Condition 30 requires that station B, auxiliary station, the scatterer are on a line issuing from the source. Condition 31 requires that the auxiliary station and the scatterer are on a line issuing from the source. Condition 32 requires that station $A$, an auxiliary station and a scatterer are on a line issuing from the source. In short, stations $A$ and $B$, an auxiliary station, and the scatterer all align on a line issuing from the source. When these are aligned as $\mathbf{x_s} \rightarrow \mathbf{x}_c \rightarrow \mathbf{x}_X \rightarrow \mathbf{x}_A \rightarrow \mathbf{x}_B$, then $\vert\mathbf{x}_X-\mathbf{x}_s\vert = \vert\mathbf{x}_X - \mathbf{x}_c\vert + \vert\mathbf{x}_c - \mathbf{x}_s\vert$, $\vert\mathbf{x}_c - \mathbf{x}_s\vert + \vert\mathbf{x}_A - \mathbf{x}_c\vert = \vert\mathbf{x}_A-\mathbf{x}_s\vert$, and condition 29 gives $t = c_0^{-1} \vert\mathbf{x}_B - \mathbf{x}_A\vert$. When stations $A$ and $B$ are reversed, condition 29 gives $t = - c_0^{-1}\vert\mathbf{x}_B - \mathbf{x}_A\vert$.

The rapid phase, $\Omega_3$, of the third term in equation 19 is similar to the rapid phase, $\Omega_2$, of the second term in equation 19. If stations $A$, $B$, an auxiliary station, and the scatterer are located on a line issuing from the source, aligned as $\mathbf{x_s} \rightarrow \mathbf{x}_c \rightarrow \mathbf{x}_X \rightarrow \mathbf{x}_A \rightarrow \mathbf{x}_B$, the dominant contribution resides at $t = c_0^{-1} \vert\mathbf{x}_B - \mathbf{x}_A\vert$. When stations $A$ and $B$ are interchanged, the dominant contribution of the third term in equation 19 resides at $t = - c_0^{-1}\vert\mathbf{x}_B - \mathbf{x}_A\vert$. Last we analyze the rapid phase, $\Omega_4$, of the fourth term in equation 19, and we find stationary points for which

$$t =c_0^{-1} \left\{ \vert\mathbf{x}_B - \mathbf{x}_c\vert - \vert\mathbf{x}_A - \mathbf{x}_c\vert \right\}, \hspace{.5cm}$$ (58)

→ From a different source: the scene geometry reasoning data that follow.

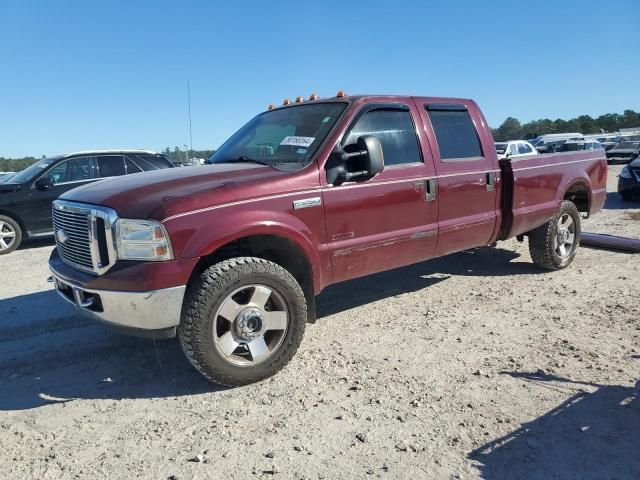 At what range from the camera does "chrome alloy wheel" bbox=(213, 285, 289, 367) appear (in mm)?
3246

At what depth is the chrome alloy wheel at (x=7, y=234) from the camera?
849cm

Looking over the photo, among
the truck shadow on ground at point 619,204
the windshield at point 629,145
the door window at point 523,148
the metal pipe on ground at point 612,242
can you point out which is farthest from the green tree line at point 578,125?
the metal pipe on ground at point 612,242

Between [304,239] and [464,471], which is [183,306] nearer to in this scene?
[304,239]

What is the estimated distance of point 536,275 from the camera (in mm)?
5680

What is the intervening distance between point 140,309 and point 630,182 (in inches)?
485

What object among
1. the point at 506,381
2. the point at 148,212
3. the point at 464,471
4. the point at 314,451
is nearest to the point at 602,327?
the point at 506,381

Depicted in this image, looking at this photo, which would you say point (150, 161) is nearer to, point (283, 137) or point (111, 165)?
point (111, 165)

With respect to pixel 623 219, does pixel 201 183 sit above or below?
above

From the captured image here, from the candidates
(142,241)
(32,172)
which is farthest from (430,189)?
(32,172)

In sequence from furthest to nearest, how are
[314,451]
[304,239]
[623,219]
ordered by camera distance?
[623,219], [304,239], [314,451]

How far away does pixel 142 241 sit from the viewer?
297 cm

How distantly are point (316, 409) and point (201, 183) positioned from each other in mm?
1673

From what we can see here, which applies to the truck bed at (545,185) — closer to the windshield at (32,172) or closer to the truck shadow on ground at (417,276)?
the truck shadow on ground at (417,276)

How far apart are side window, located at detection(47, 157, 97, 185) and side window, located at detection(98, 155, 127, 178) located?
14 cm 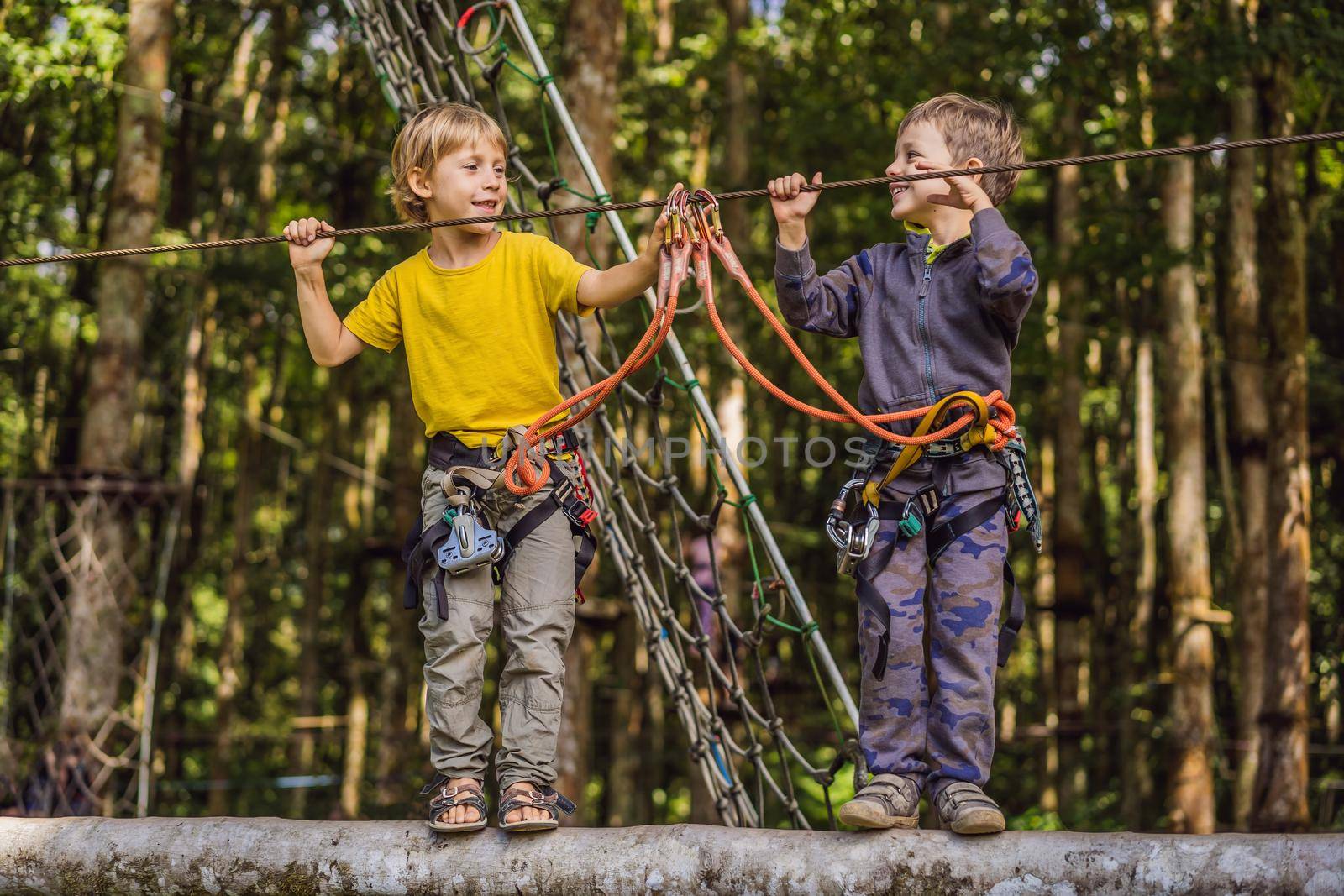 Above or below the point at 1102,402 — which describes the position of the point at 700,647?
below

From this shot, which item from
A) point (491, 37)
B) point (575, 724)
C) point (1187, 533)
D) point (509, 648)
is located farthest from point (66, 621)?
point (1187, 533)

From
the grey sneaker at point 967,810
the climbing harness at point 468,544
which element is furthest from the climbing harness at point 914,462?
the climbing harness at point 468,544

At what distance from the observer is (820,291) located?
3.00m

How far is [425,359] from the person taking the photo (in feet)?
10.2

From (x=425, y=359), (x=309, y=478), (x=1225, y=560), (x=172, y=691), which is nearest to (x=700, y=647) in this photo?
(x=425, y=359)

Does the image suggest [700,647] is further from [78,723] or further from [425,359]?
[78,723]

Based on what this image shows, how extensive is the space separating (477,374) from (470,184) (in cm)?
43

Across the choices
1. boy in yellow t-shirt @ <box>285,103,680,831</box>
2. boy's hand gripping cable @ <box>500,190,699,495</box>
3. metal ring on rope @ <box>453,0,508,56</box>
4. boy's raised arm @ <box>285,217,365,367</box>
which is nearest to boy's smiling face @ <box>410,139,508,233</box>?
boy in yellow t-shirt @ <box>285,103,680,831</box>

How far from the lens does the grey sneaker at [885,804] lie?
2.57m

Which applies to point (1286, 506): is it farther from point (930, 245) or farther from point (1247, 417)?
point (930, 245)

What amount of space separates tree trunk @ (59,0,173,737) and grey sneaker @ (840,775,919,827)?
5507mm

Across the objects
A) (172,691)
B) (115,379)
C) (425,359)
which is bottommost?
(172,691)

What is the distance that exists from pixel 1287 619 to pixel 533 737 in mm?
5953

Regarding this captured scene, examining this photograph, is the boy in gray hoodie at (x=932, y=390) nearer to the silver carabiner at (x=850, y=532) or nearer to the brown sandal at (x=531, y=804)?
the silver carabiner at (x=850, y=532) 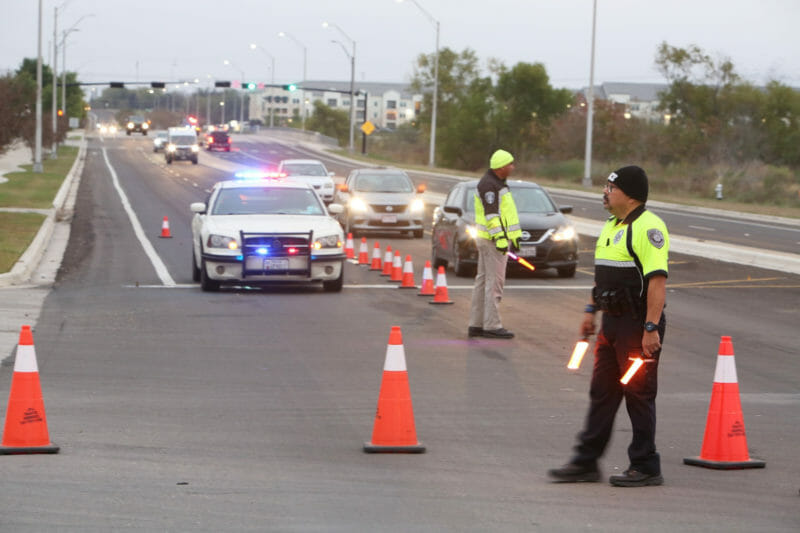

$$\nabla_{\mathbf{x}_s} \vert\mathbf{x}_B - \mathbf{x}_c\vert = \nabla_{\mathbf{x}_s} \vert\mathbf{x}_A - \mathbf{x}_c\vert,$$ (59)

$$\nabla_{\mathbf{x}_X} \vert\mathbf{x}_B - \mathbf{x}_c\vert = \nabla_{\mathbf{x}_X} \vert\mathbf{x}_A - \mathbf{x}_c\vert,$$ (60)

$$\nabla_{\mathbf{x}_c} \vert\mathbf{x}_B - \mathbf{x}_c\vert = \nabla_{\mathbf{x}_c} \vert\mathbf{x}_A - \mathbf{x}_c\vert.$$ (61)

Conditions 34 and 35 are always satisfied. Condition 36 is satisfied when the scatterer lies on a line through stations $A$ and $B$. When stations $A$, $B$ and the scatterer are aligned as $\mathbf{x}_c \rightarrow \mathbf{x}_A \rightarrow \mathbf{x}_B$, condition 33 gives $t = c_0^{-1} \vert\mathbf{x}_B - \mathbf{x}_A\vert$. When stations $A$, $B$ and the scatterer align as $\mathbf{x}_c \rightarrow \mathbf{x}_B \rightarrow \mathbf{x}_A$, condition 33 gives $t = - c_0^{-1}\vert\mathbf{x}_B - \mathbf{x}_A\vert$.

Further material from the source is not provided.